Exercise description:
Once the line holding "Examples of provoked" is found in the entries below, transcribe exactly every line up to and including the one holding "Complete the outside", but leave out the pictures.

Input material:
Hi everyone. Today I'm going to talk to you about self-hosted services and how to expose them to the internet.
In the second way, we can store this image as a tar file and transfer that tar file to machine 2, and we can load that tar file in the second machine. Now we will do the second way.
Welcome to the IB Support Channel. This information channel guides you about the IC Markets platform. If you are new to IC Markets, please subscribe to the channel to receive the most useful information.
...
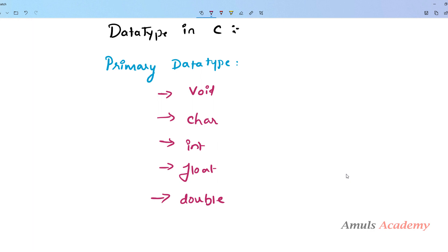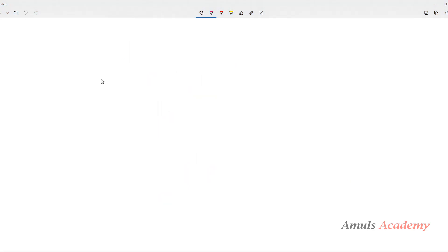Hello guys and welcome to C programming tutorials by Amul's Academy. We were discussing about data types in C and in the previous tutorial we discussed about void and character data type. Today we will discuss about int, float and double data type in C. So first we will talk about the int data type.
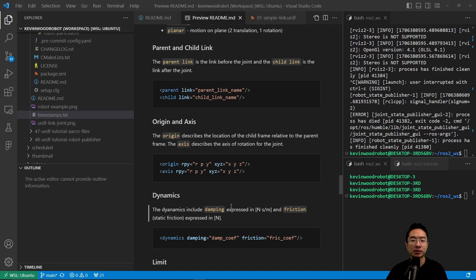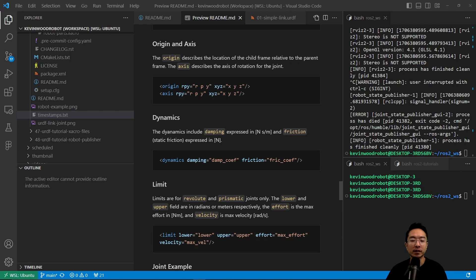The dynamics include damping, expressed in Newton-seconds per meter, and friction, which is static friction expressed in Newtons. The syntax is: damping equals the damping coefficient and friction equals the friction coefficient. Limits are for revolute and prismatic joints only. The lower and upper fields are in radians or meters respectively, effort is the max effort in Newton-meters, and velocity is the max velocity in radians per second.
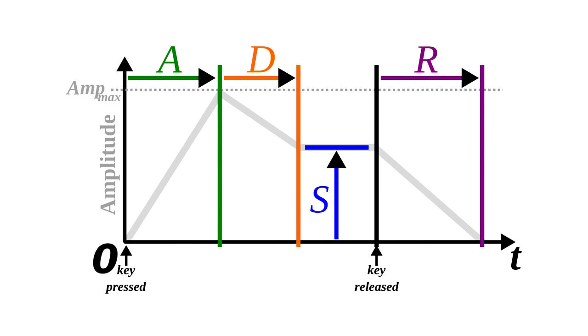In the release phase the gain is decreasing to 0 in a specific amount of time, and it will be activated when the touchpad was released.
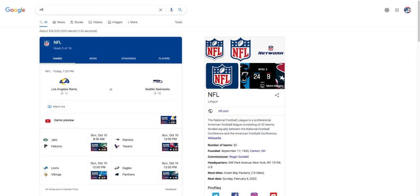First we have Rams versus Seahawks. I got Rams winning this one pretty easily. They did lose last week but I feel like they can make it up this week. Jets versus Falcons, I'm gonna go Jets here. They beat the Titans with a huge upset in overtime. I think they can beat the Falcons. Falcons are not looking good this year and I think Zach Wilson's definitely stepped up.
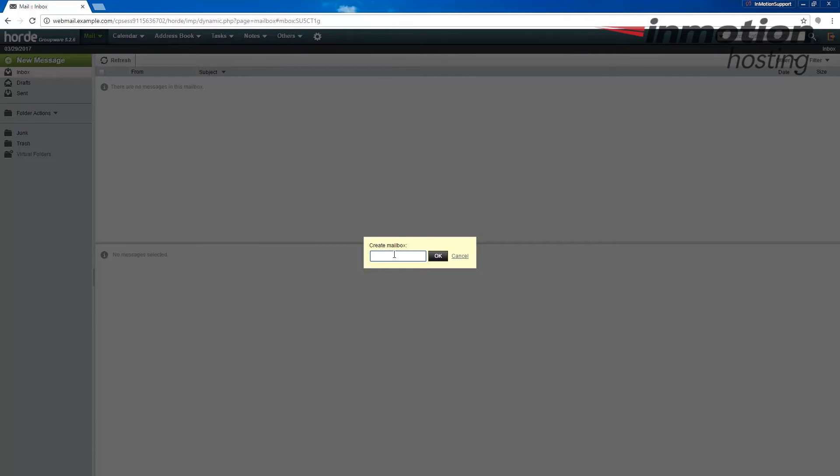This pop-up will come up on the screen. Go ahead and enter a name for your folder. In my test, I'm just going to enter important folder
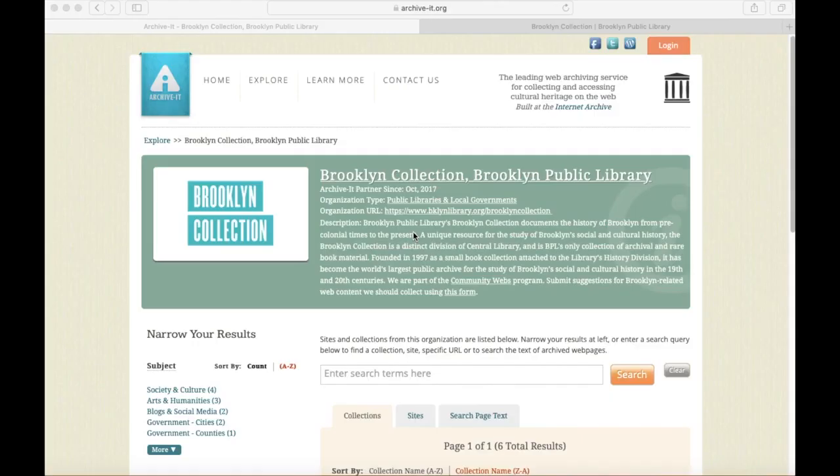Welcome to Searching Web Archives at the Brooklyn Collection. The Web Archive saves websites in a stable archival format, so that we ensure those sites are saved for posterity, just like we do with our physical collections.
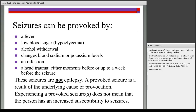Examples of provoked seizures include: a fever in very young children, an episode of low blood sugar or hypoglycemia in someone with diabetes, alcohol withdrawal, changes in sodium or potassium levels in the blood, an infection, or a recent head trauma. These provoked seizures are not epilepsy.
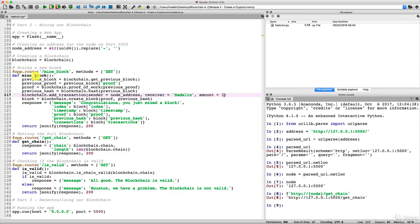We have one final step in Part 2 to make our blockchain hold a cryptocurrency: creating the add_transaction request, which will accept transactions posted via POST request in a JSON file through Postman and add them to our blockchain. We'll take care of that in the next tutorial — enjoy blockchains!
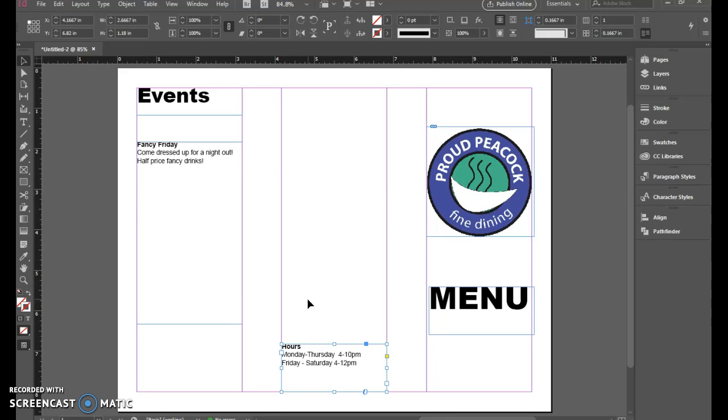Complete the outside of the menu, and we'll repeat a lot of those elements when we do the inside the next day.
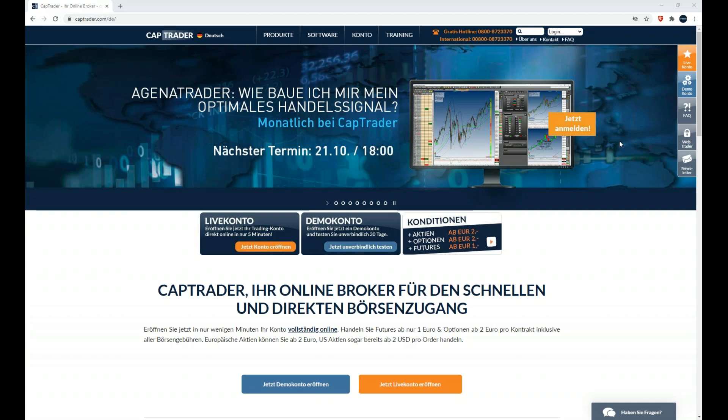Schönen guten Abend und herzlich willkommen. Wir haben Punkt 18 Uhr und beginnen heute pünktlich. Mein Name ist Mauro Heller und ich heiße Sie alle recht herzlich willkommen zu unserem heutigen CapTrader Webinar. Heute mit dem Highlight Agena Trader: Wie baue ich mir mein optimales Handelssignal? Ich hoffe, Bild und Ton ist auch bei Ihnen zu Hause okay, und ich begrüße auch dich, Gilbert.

Result:
Examples of provoked seizures include: a fever in very young children, an episode of low blood sugar or hypoglycemia in someone with diabetes, alcohol withdrawal, changes in sodium or potassium levels in the blood, an infection, or a recent head trauma. These provoked seizures are not epilepsy.
We have one final step in Part 2 to make our blockchain hold a cryptocurrency: creating the add_transaction request, which will accept transactions posted via POST request in a JSON file through Postman and add them to our blockchain. We'll take care of that in the next tutorial — enjoy blockchains!
Complete the outside of the menu, and we'll repeat a lot of those elements when we do the inside the next day.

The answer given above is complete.